Вникая в психологию Вашей артистической личности, я замечаю, что Вы с большим трудом отдаетесь роли, и это происходит оттого, что Вы, во-первых, не верите чуткости публики {307} и думаете, что ее все время надо бить по лбу, и, во-вторых, чуть не из каждой фразы хотите что-то создавать. И Вас бывает тяжело слушать потому, что по самому ходу диалога, по Вашей мимике, жесту я, зритель, давно уже понял, что Вы хотите сказать или сыграть, а Вы мне все еще продолжаете играть эту подробность, которая притом же своим содержанием не может слишком заинтересовать меня. Это происходит не только на отдельных репликах, но даже в середине монологов и реплик. То, чего я добивался от Москвина и от тона всей пьесы, в равной мере относится и к Вам. Сделаю такой пример: что если бы монолог о праведной земле[696] пришлось говорить Вам? Ведь Вы бы его расчленили на несколько частей — и переиграли бы. И он не донесся бы до зрителя так легко. А в этой бодрой легкости вся прелесть тона пьесы. И если мне будут говорить, что это — постановка Малого театра, я уверенно скажу, что это вранье. Напротив, играть трагедию (а «На дне» — трагедия) в таком тоне — явление на сцене совершенно новое. Надо играть ее, как первый акт «Трех сестер», но чтобы ни одна трагическая подробность не проскользнула.

Вот отсутствие этой-то бодрой легкости и тяжелит Вашу игру. Даже сначала: «органон», «сикамбр» и т. д. Вы слишком боитесь, что публика не схватит, и слишком хотите вытянуть эти милые подробности за уши.

А посмотрите — Вы заговорили Ваш монолог «Человек — вот правда… Я понимаю старика» и т. д. почти наизусть, горячо и быстро и оба раза делали впечатление. Оттого что сильно, но легко.

Вот, стало быть, что надо делать Вам:

1) не навязывать свою роль и себя публике. Она сама возьмет ее и Вас;

2) не бояться, что роли не будет, если Вы не заиграете там, где Вам играть много не приходится по самому положению. Если роли нет — ее почти нельзя сделать, а надоесть раньше времени легко;

3) знать назубок;

4) избегать излишеств в движениях.

{308} 5) держать тон бодрый, легкий и нервный, т. е. с нервом.
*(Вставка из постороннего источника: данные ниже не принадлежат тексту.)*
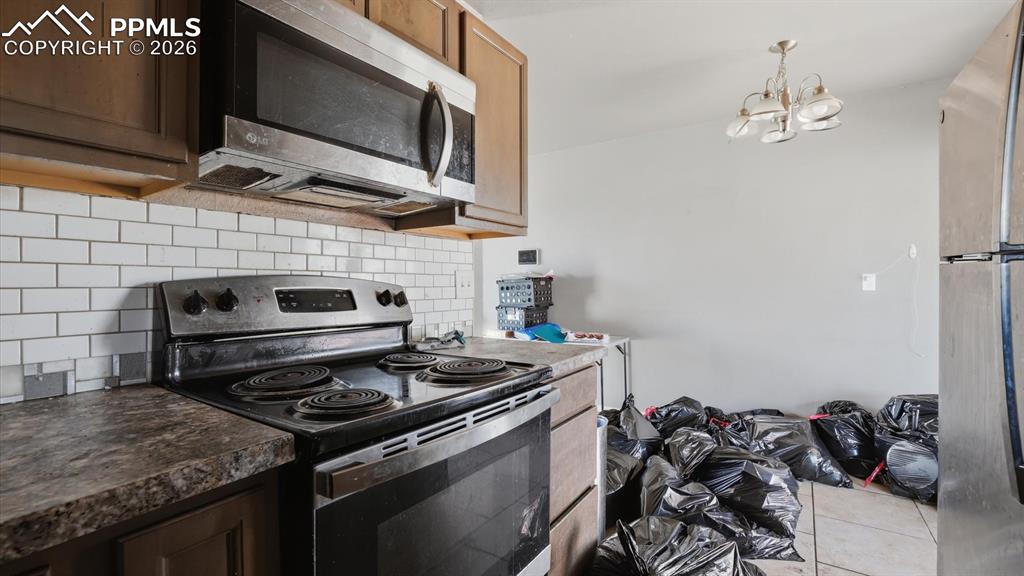 Image 10 of 30: View of the Dining Area from the Kitchen.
Беспечный и нервный.

Что все это Вы сделаете отлично, я не сомневаюсь ни минуты.

Даже во всех первых репликах: «Трещит у меня башка», «Отчего это человека бьют по голове» — тоже для всех этих надо выработать легкую, беглую речь, т. е. говорить эти реплики быстро, хотя бы и с болью в голове и во всем теле. Как в водевиле.